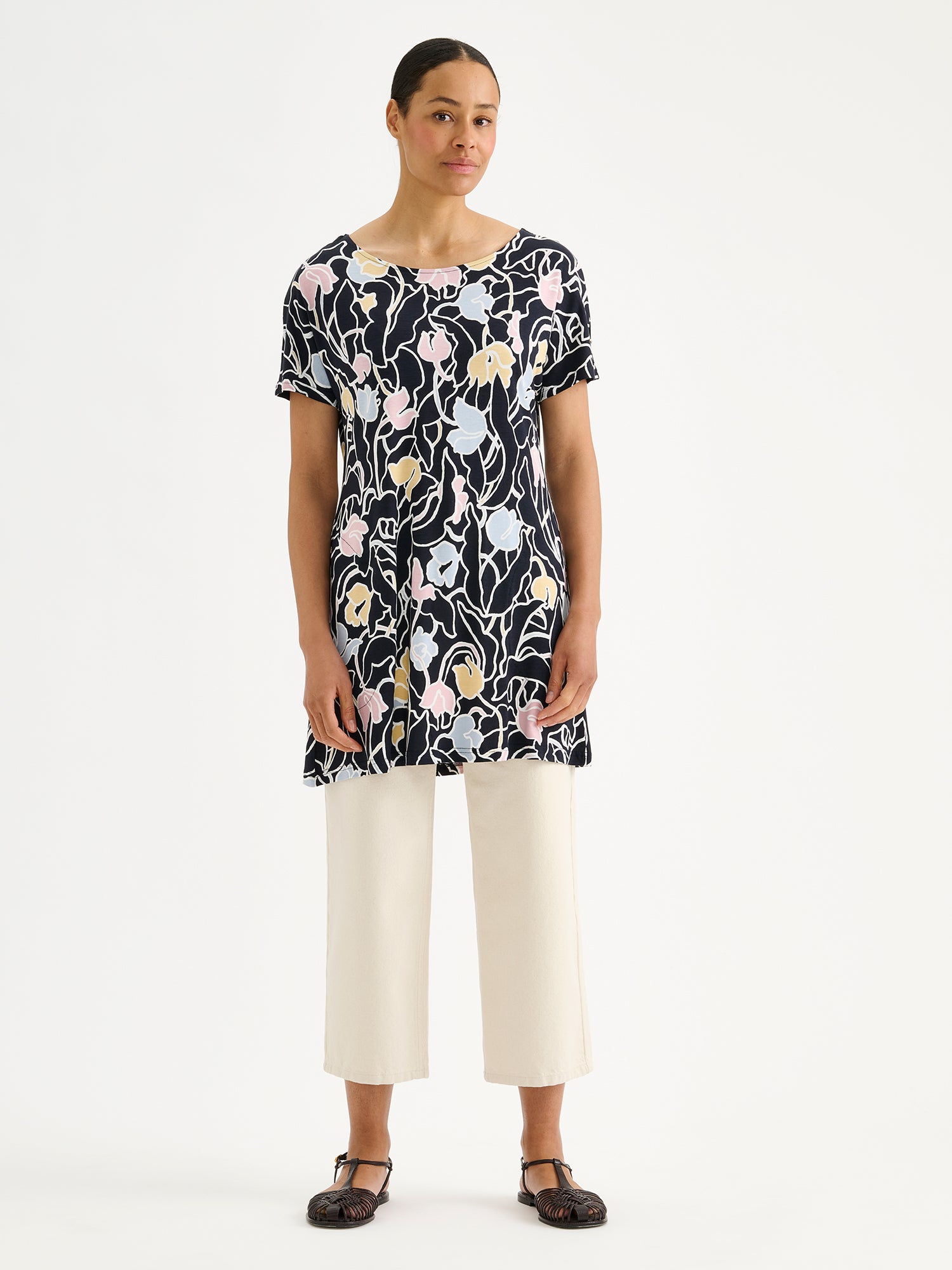 Nanso IIRIS Jersey Tunic - Elegant floral design in soft, breathable viscose jersey on a model with off white jeans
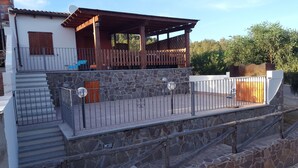 A two-story building with a stone facade, a wooden deck, and a metal railing. - Chalet in Sardinia (Villaputzu)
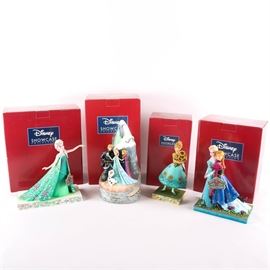 Elsa and Anna Figurine Collection from Disney's "Frozen": A collection of Jim Shore figurines depicting characters from Disney’s film Frozen. Each figurine is part of the Disney Showcase Collection and features colorful, folk art qualities typical of Jim Shore designs. The grouping includes figurines titled, Spring in Bloom, Celebration of Spring, Sisters Forever_, and "Worth Melting For. Each piece is crafted from resin, marked to the bottom, and presented in its original box.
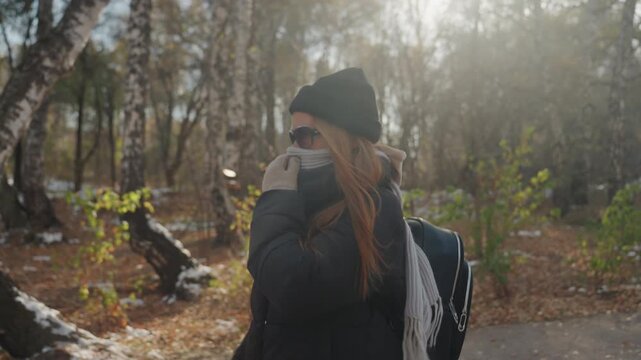 White woman backpacker walking forest trail, masked and glancing over shoulder under autumn sunlight birch grove setting, cautious pace and tense posture hinting at prowler presence and snatcher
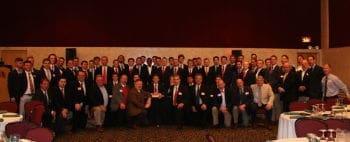 Group photo of business professionals at a conference.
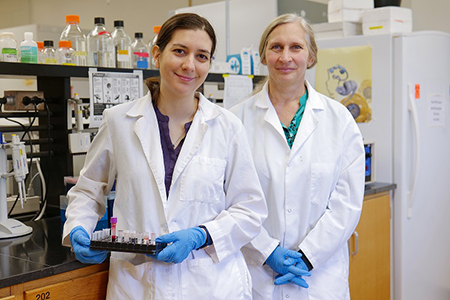 A student and professor wearing lab coats stand side by side in a science lab.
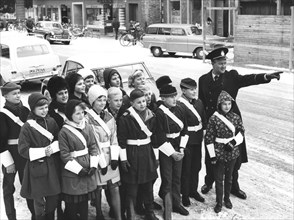A policeman teaches a group of schoolchildren how to be traffic officers, Sweden, c1956-1969(?). Artist: Unknown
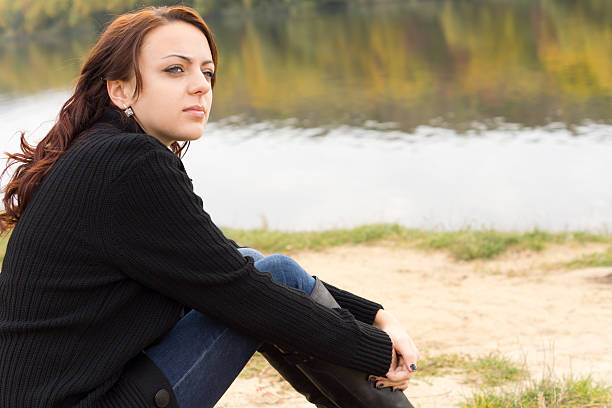 istock Young woman watching something intently 459709369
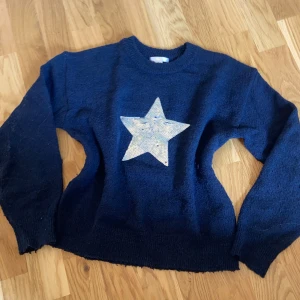Mörkgrå stickad tröja med stjärna från gina - Mysig mörkblå stickad tröja med en stor silverfärgad stjärna framtill. Tröjan har rund halsringning och långa ärmar, perfekt för dig som gillar en enkel men ändå cool look. Kan skicka fler bilder om någon vill💕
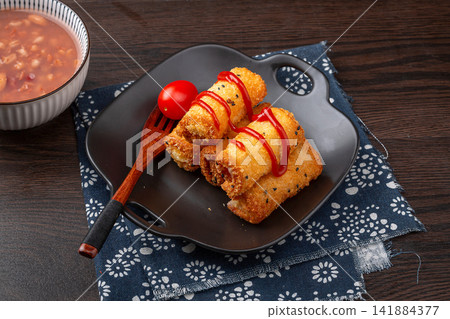 deep fried milk pudding rolls with crispy golden breadcrumbs deep fried milk pudding rolls with crispy golden breadcrumbs 141884377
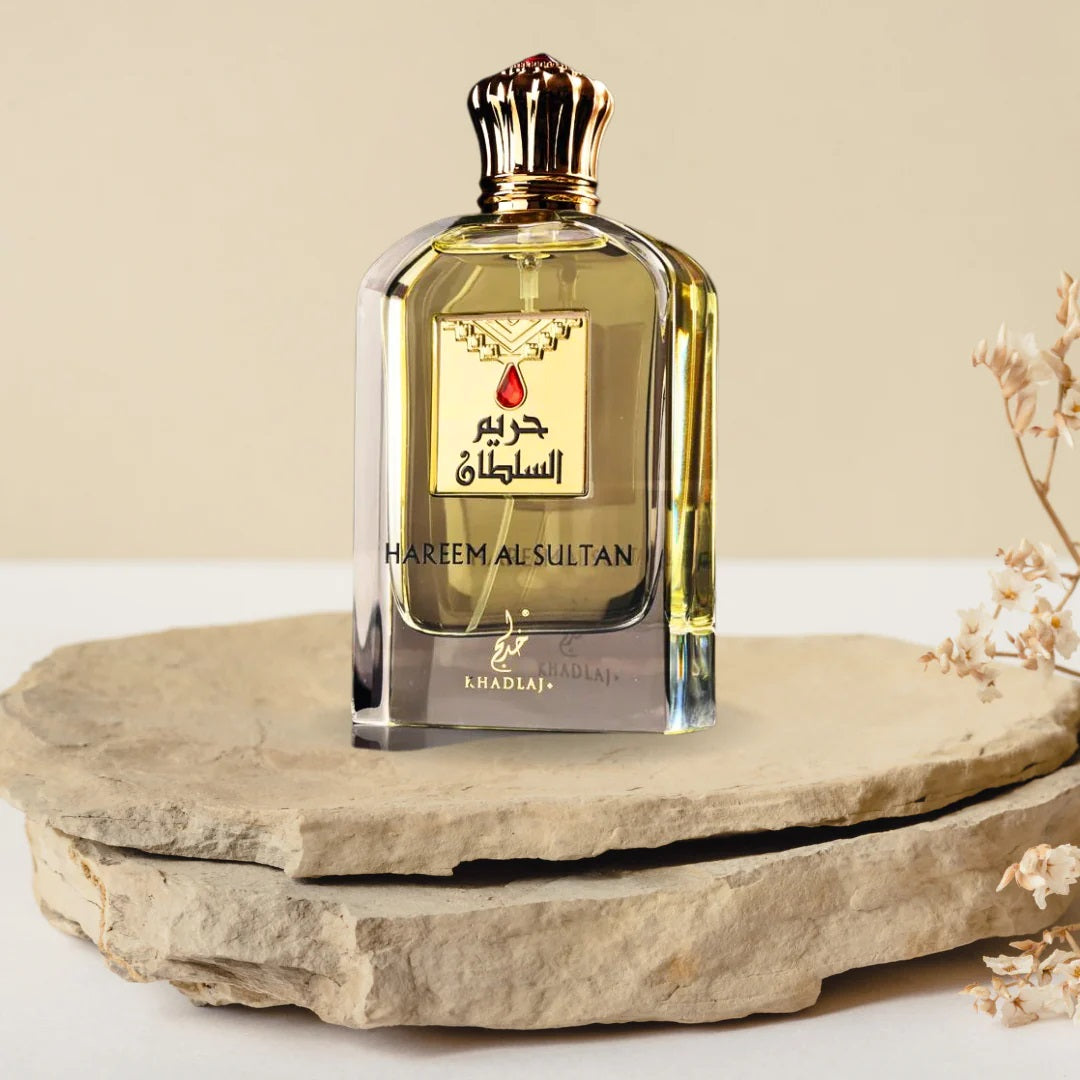 Hareem Al Sultan perfume by Khadlaj placed elegantly on stone slabs, showcasing its luxurious bottle with golden accents.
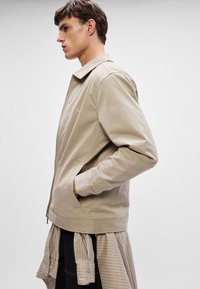 Beżowa kurtka zapinana na zamek, z kołnierzem, dwoma bocznymi kieszeniami i haftowanym logo. Posiada gładką teksturę oraz luźny krój.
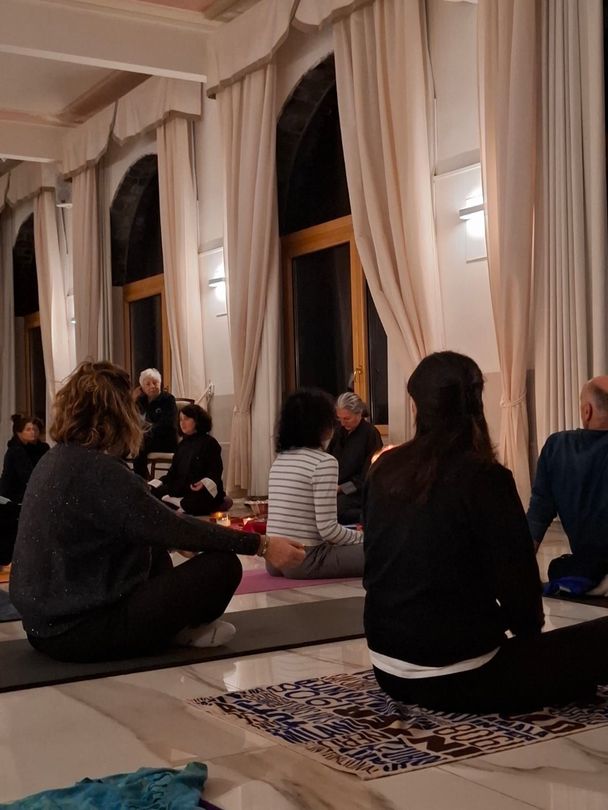 Persone che meditano in una stanza con alte finestre e tende. Sono sedute su stuoie. Illuminazione soffusa.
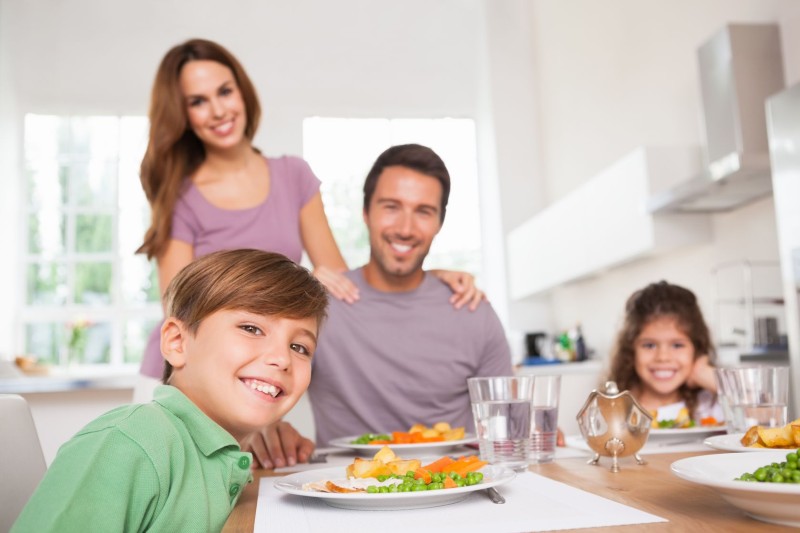 18122452 - family looking at the camera at dinner time in kitchen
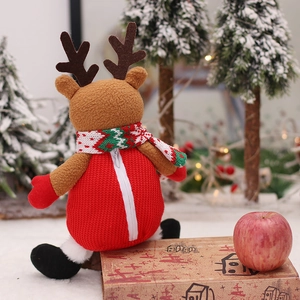 Weihnachts-Rentier-Plüschtier mit roter Strickweste und Schal vor festlichem Hintergrund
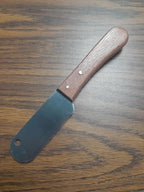 Tamsco pet grooming tool showing 3-inch stainless steel blade close up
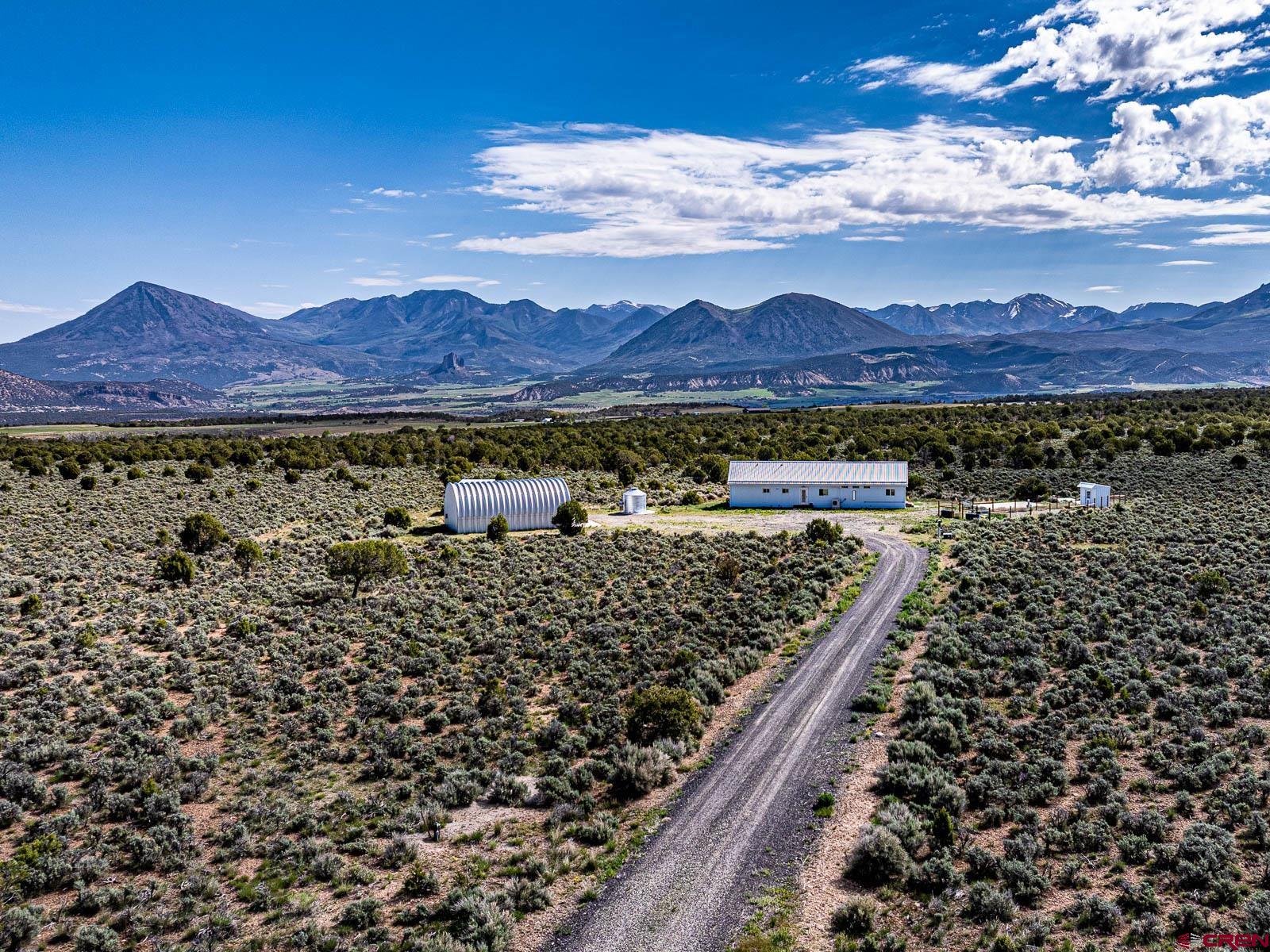 3530 Black Canyon Road Crawford, CO 81415 - Photo 2 of 45 a view of a city with a lake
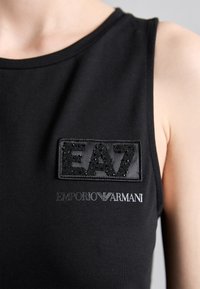 Črna majica brez rokavov z okroglo izrezom, ki se ponaša z teksturiranim vložkom z "EA7" v bisernih podrobnostih in "EMPORIO ARMANI" v srebrni pisanju.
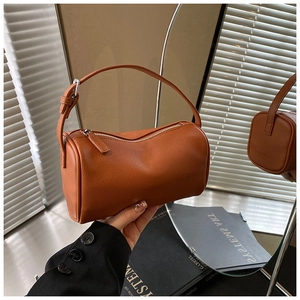 Détail de la texture en cuir marron d'un sac cylindre avec zip argenté et poignée large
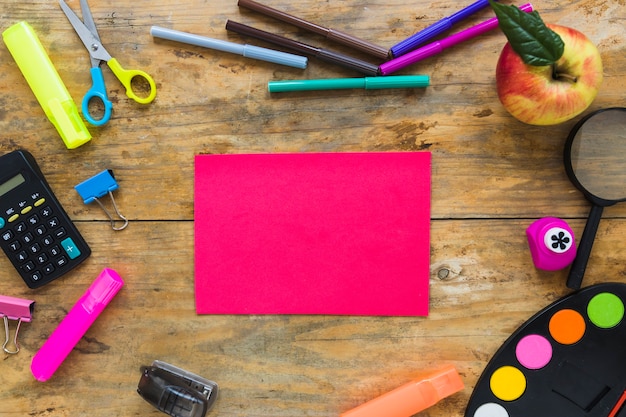 Instrumentos de escritura y manzana en círculo con nota adhesiva en el medio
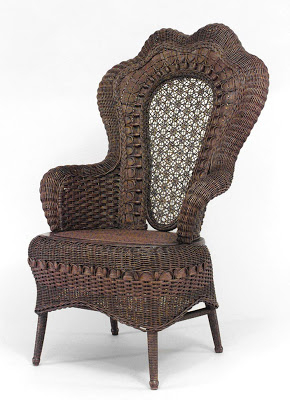 Dark natural wicker arm chair with scalloped shaped high back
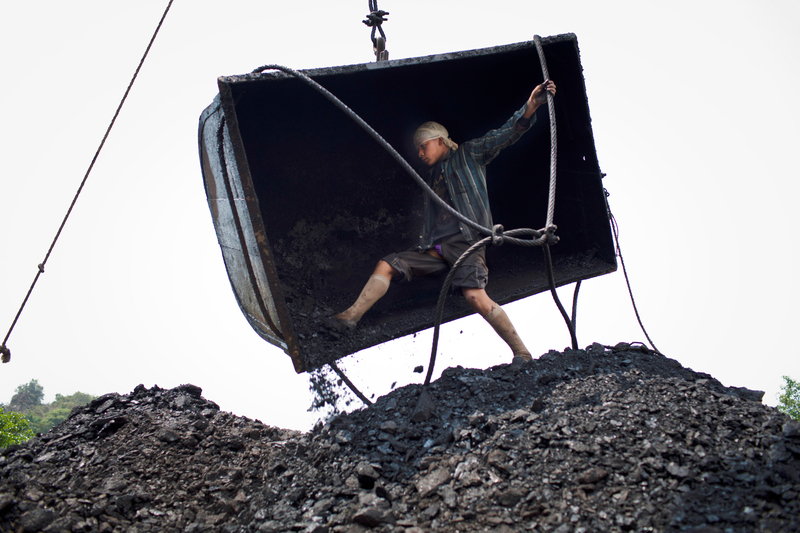 Fourteen-year-old Chhai Lyngdoh, kicks out the coal from a container, as it is emptied onto a heap, after being craned out of a 300ft deep mine shaft, India.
■ ■ ■ ■
Reproduce the lines above starting at the one with "golden breadcrumbs 141884377" and ending at the one with "18122452 - family", both included, exactly and with no pictures.

 deep fried milk pudding rolls with crispy golden breadcrumbs deep fried milk pudding rolls with crispy golden breadcrumbs 141884377
 Hareem Al Sultan perfume by Khadlaj placed elegantly on stone slabs, showcasing its luxurious bottle with golden accents.
 Beżowa kurtka zapinana na zamek, z kołnierzem, dwoma bocznymi kieszeniami i haftowanym logo. Posiada gładką teksturę oraz luźny krój.
 Persone che meditano in una stanza con alte finestre e tende. Sono sedute su stuoie. Illuminazione soffusa.
 18122452 - family looking at the camera at dinner time in kitchen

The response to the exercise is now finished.